The groundwork to extend the examples of Jefferson, Jackson, and Lincoln has already been laid. President Ronald Reagan recognized the responsibility of the coordinate branches to protect preborn persons, encouraging Congress to pass legislation “to protect the life of each person before birth” despite the Supreme Court’s determination in Roe. Reagan therefore undertook to “proclaim and declare the unalienable personhood of every American, from the moment of conception until natural death.” Invoking his solemn constitutional duty, President Reagan promised to “take care that the Constitution and laws of the United States are faithfully executed for the protection of America’s unborn children.”

An executive order from the president could give legal effect to the proclamation first announced by President Reagan over three decades ago. Such an order would constitute a binding and authoritative interpretation of the Constitution within the executive branch, including its constitutive departments and agencies. The president could direct departments and agencies to examine their regulations and programs to ensure they align with the president’s executive order, and to initiate rulemaking or issue guidance bringing those regulations and programs into compliance with the president’s interpretation as necessary.

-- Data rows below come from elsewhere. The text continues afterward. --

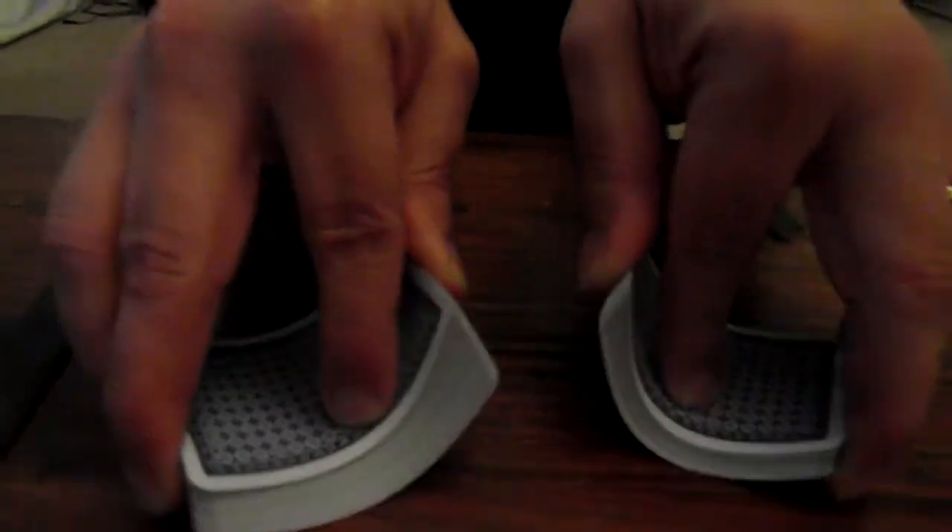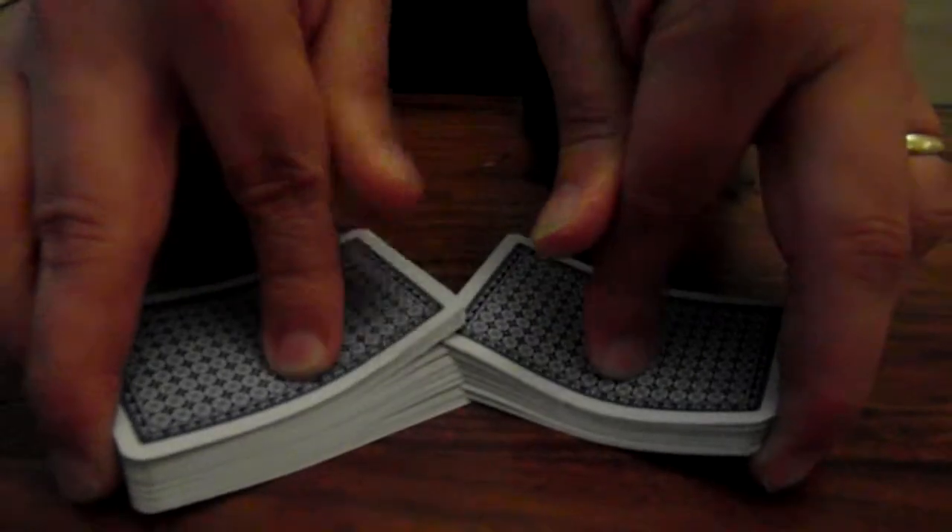You have the cards there. I'm going to divide them into two, like so. You take one half in each hand. You grip them like this. Hold them like this, like so.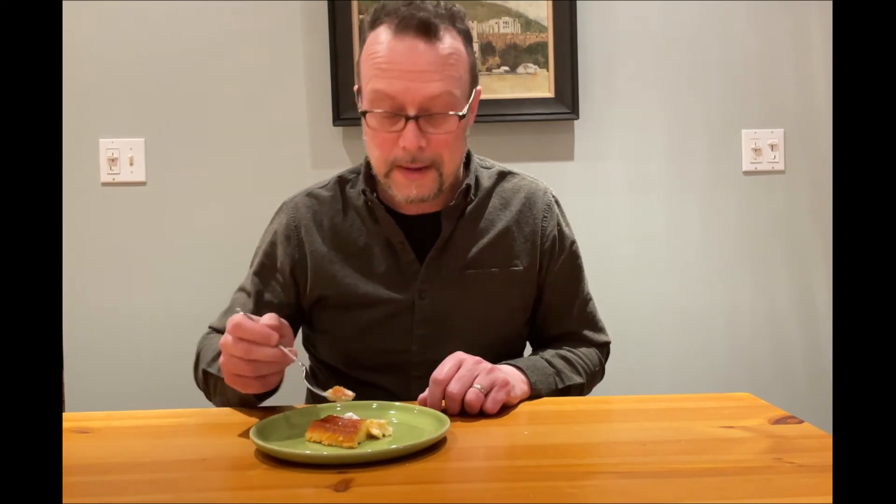Give it a shot, definitely try this. Let me know how yours comes out — send me an email at joederayscooks at gmail.com. I'd love to hear your comments. Oh, this is so good. Thanks for watching, I'm gonna keep eating. See you next time.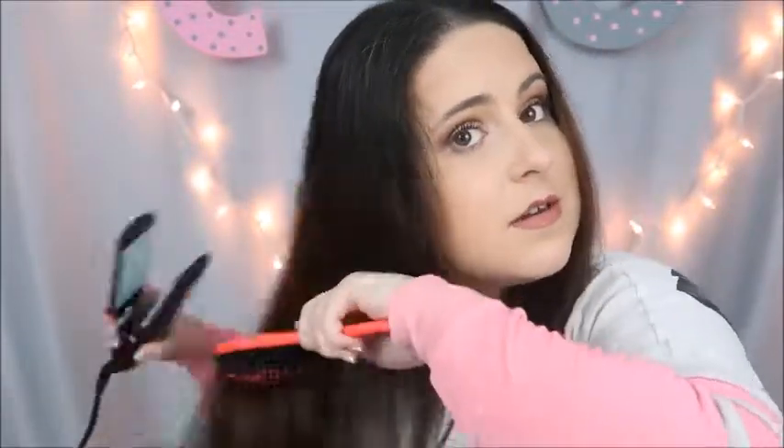Are you seeing this? You saw this side, this side — all right, now let's do the other side. For some reason I have one side that takes me longer than the other. I don't know why, but this side always takes me longer.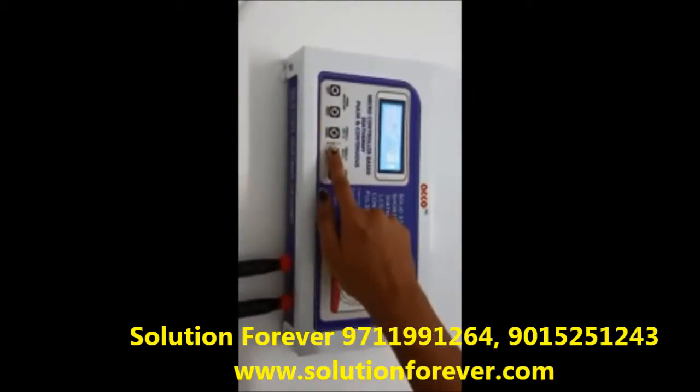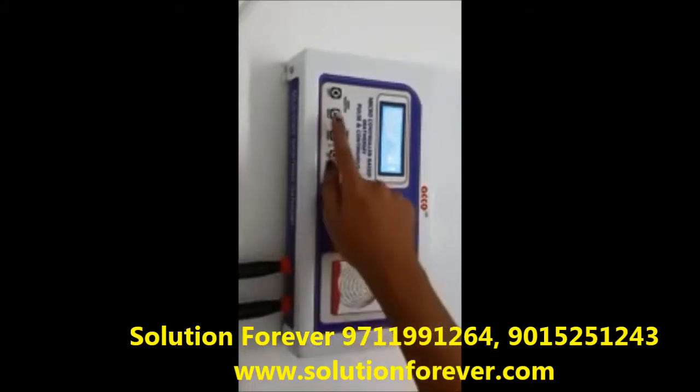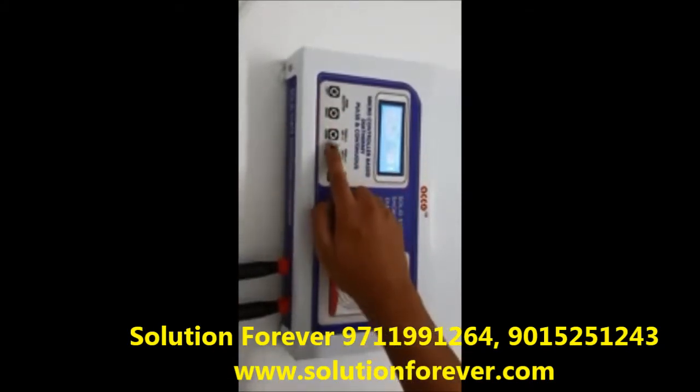Select the timer as per your need — timer up, timer down. Select the mode as per your need: continuous or pulse.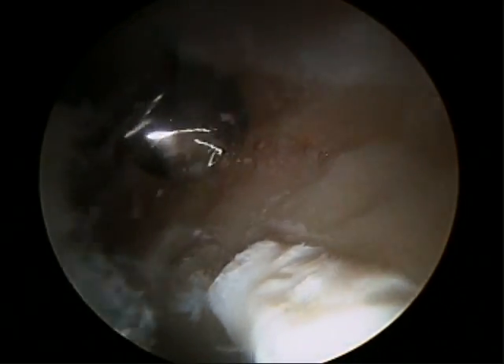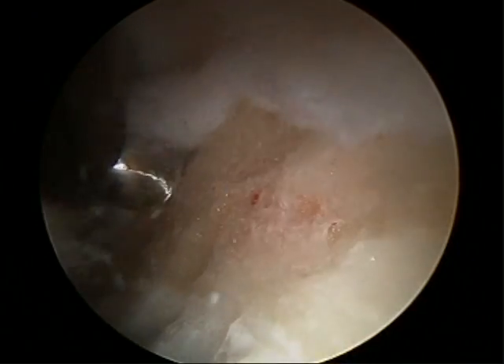Rim trimming is complete — we've gone through the whole anterior superior quadrant using the burr under fluoroscopic visualization and we've created a nice new rim to which we'll be able to reattach the labrum.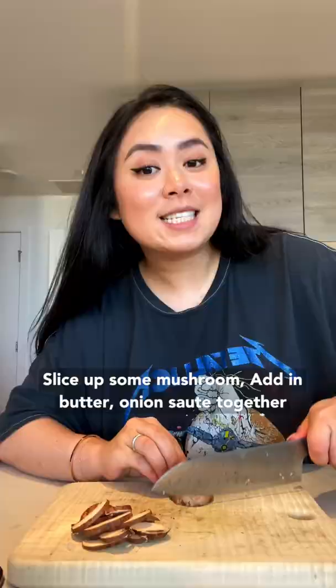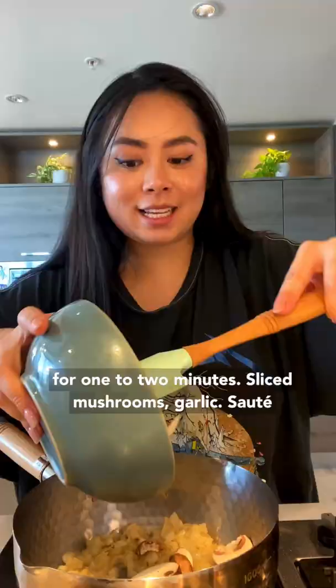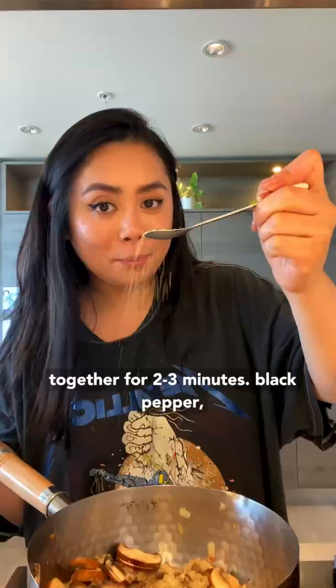Cooking night market food for 21 days. Slice up some mushrooms, add in butter and onion, sauté together for one to two minutes. Add sliced mushrooms and garlic, sauté together for two to three minutes. Season with black pepper, ketchup, worcestershire sauce, soy sauce, and oyster sauce.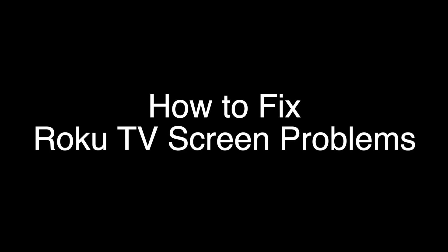Today we're going to show you how to fix your Roku TV if you're having problems with the screen. This includes a flickering screen, dark screen, or horizontal or vertical lines on the screen.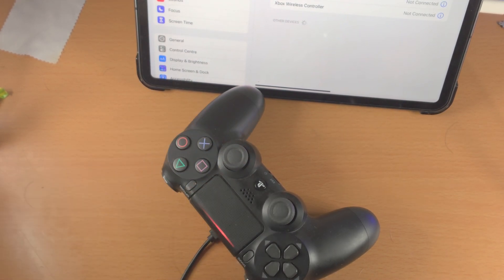Keep in mind not all games will support the PS4 controller. If you want a game that does, download Call of Duty Mobile or Minecraft and you'll be good to go. Thanks for watching — see you guys later, bye-bye.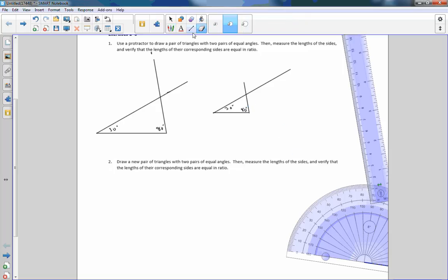Now I'm just going to clean this up a little bit with my eraser. There we go — there are two triangles. This is 30 degrees, this is 80 degrees, this is 30 degrees, and this is 80 degrees. These two triangles are similar. Then it says to measure the lengths of the sides and verify that the lengths of their corresponding sides are equal in ratio.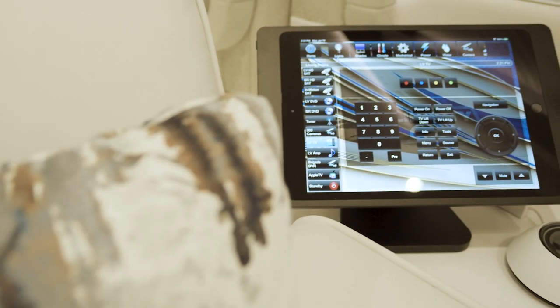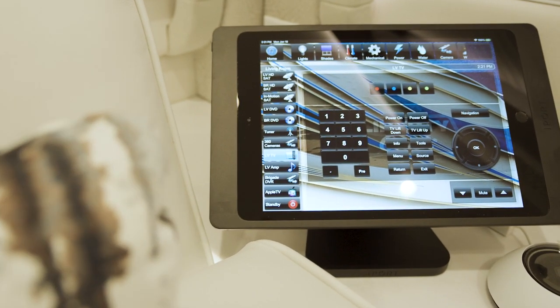What we've done here on the Crestron to update it is our graphics. We've gone to what's called smart graphics, which gives you a much clearer, bolder image.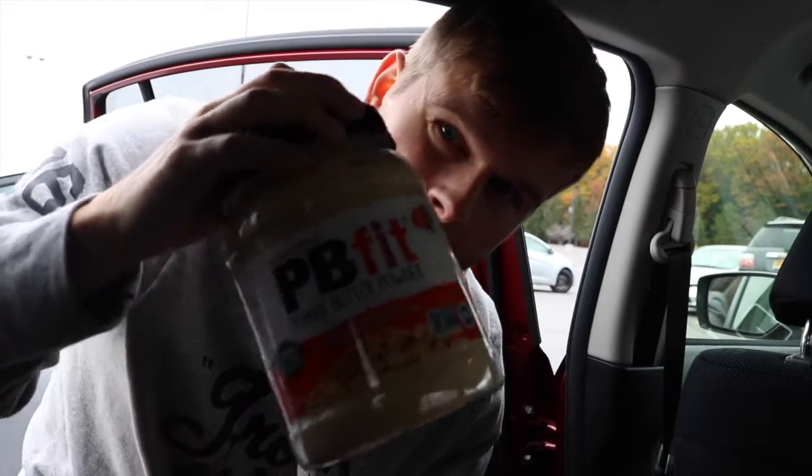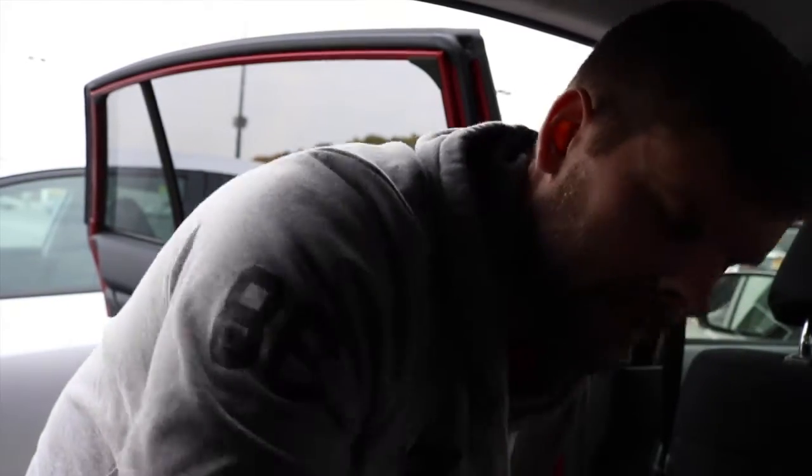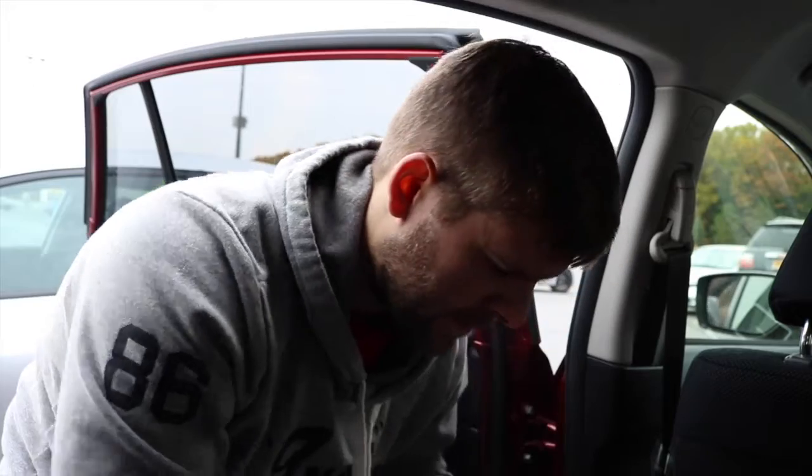I just left BJ's, had to get some powdered peanut butter — PB Fit. It's kind of dark. Alex's favorite stuff. Mixing my pre-workout, about to head straight to the gym. Almost out of these samples. I have this problem where I just throw the empty packet back in the box, so I'm like full of empty packets.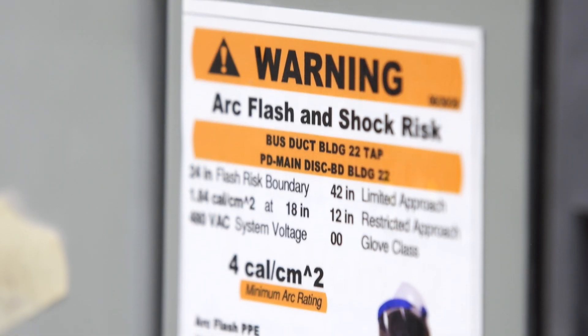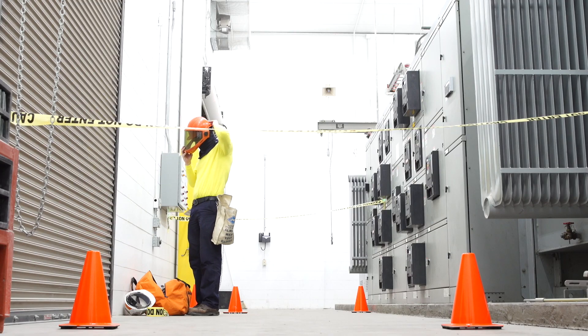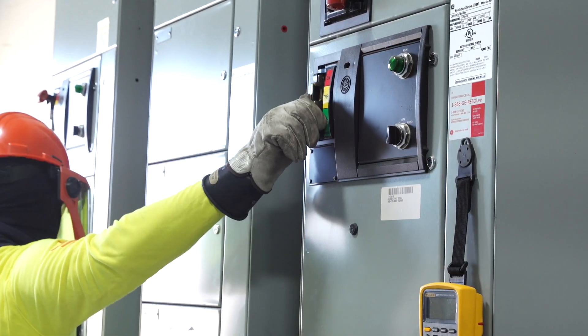Going back to our example, when Luke is creating an electrically safe work condition, he'll be checking for the absence of voltage. That will subject him to 480 volts and an arc flash hazard of 7 calories per centimeter squared. There's a shock risk from coming into contact with a possible 480 volts, and a risk of arc flash through a voltmeter or accidental contact between two phases. Because of these risks, Luke must wear the correct shock and arc flash PPE when verifying the circuit is de-energized.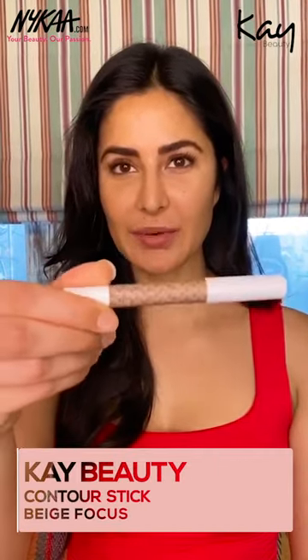Next I'm going to take the eye crayon in Beige Focus. You can also use this as a contour stick. This is the lighter one, so I'm going to go first on the top of my lids, all the way in the contour.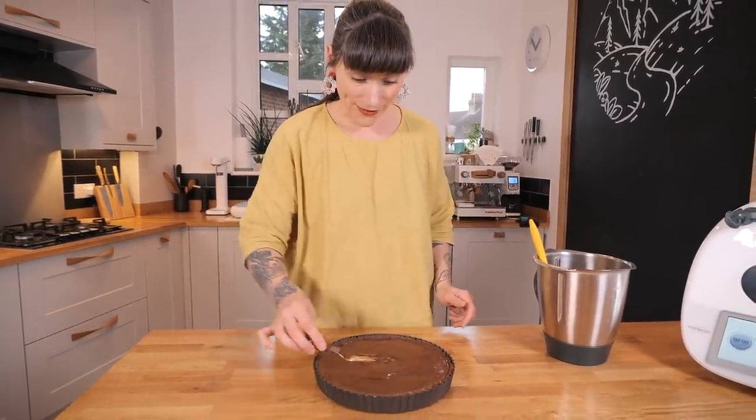This needs to set — otherwise it's going to be running all over the plate. Leave it in a cool place, not the fridge, because that might take the shine off the ganache. Leave it for about an hour and then we can get on with decorating.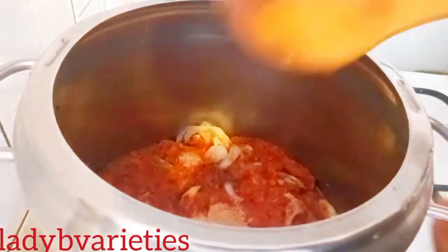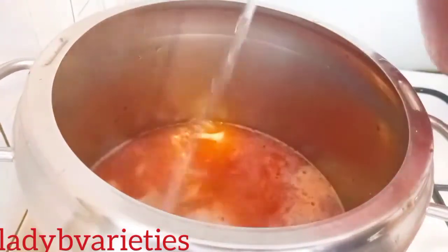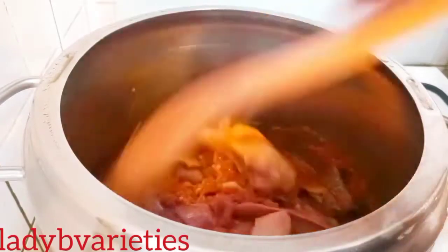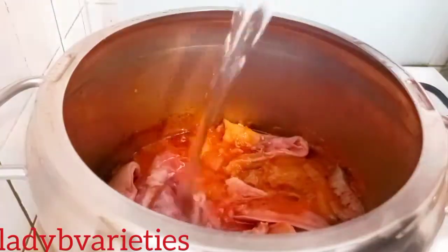I'll add hot water, cover, and cook it for 20 minutes. After 20 minutes, I added my goat meat and gave it a good mix, adding more water as needed.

Here are a few concrete examples of how an executive order could be implemented. The president could direct:

  • The Department of Justice to oppose judicial injunctions intended to restrict and interfere with the ability of congressional and state lawmakers to codify protections for human life;
  • The Department of Justice and its Civil Rights Division to investigate state or municipal laws or policies that deprive preborn persons of due process of law or the equal protection of the laws;
  • The Department of Commerce and Census Bureau to enumerate children born and not yet born in the decennial census, consistent with Section 2 of the Fourteenth Amendment, which requires apportionment “counting the whole number of persons in each state”;
  • The Department of Defense to establish National Safe Havens at all military and recruiting stations for expectant mothers facing abuse or coercion, and for emergency housing, financial, and educational aid for those seeking alternatives to abortion, particularly in jurisdictions hostile to protections for human life;
  • The State Department to ensure that preborn children are not denied equal protection in multilateral instruments at the United Nations and other international treaty bodies, either by policy or by subsidization with U.S. taxpayer funds;
  • The Department of Health and Human Services to condition federal healthcare funding on state defunding of abortion businesses and redirecting such funds to life-affirming pregnancy resource centers and direct aid alternatives;
  • The Food and Drug Administration to suspend its approvals of chemical abortifacients such as RU-486 (Mifeprex) and similar generic drugs, and to take affirmative steps to deny the importation of abortifacients from outside the borders of the United States;
  • The Department of Education to withhold federal funds from school programs that advocate abortion or the use of abortifacient drugs, and to promote educational programs that accurately teach the biological fact that each human life begins at sperm-egg fusion.

But this is just the beginning: such an executive order provides a rationale for the federal government to protect preborn children in every state. Americans need not accept an interminable status quo of indifference toward the rights of the child, due either to the timidity of our political elite or to the presumption of our judiciary class. An executive order would be the culmination of earlier presidential actions to guarantee constitutional protections to all human beings, following in the footsteps of President Lincoln in the aftermath of Dred Scott.

No doubt such an order would be the greatest pro-life accomplishment in decades, introducing the logic of abolition to America’s body politic. And indeed, such an order would vindicate that most precious unalienable right named in the Declaration of Independence: the right to life.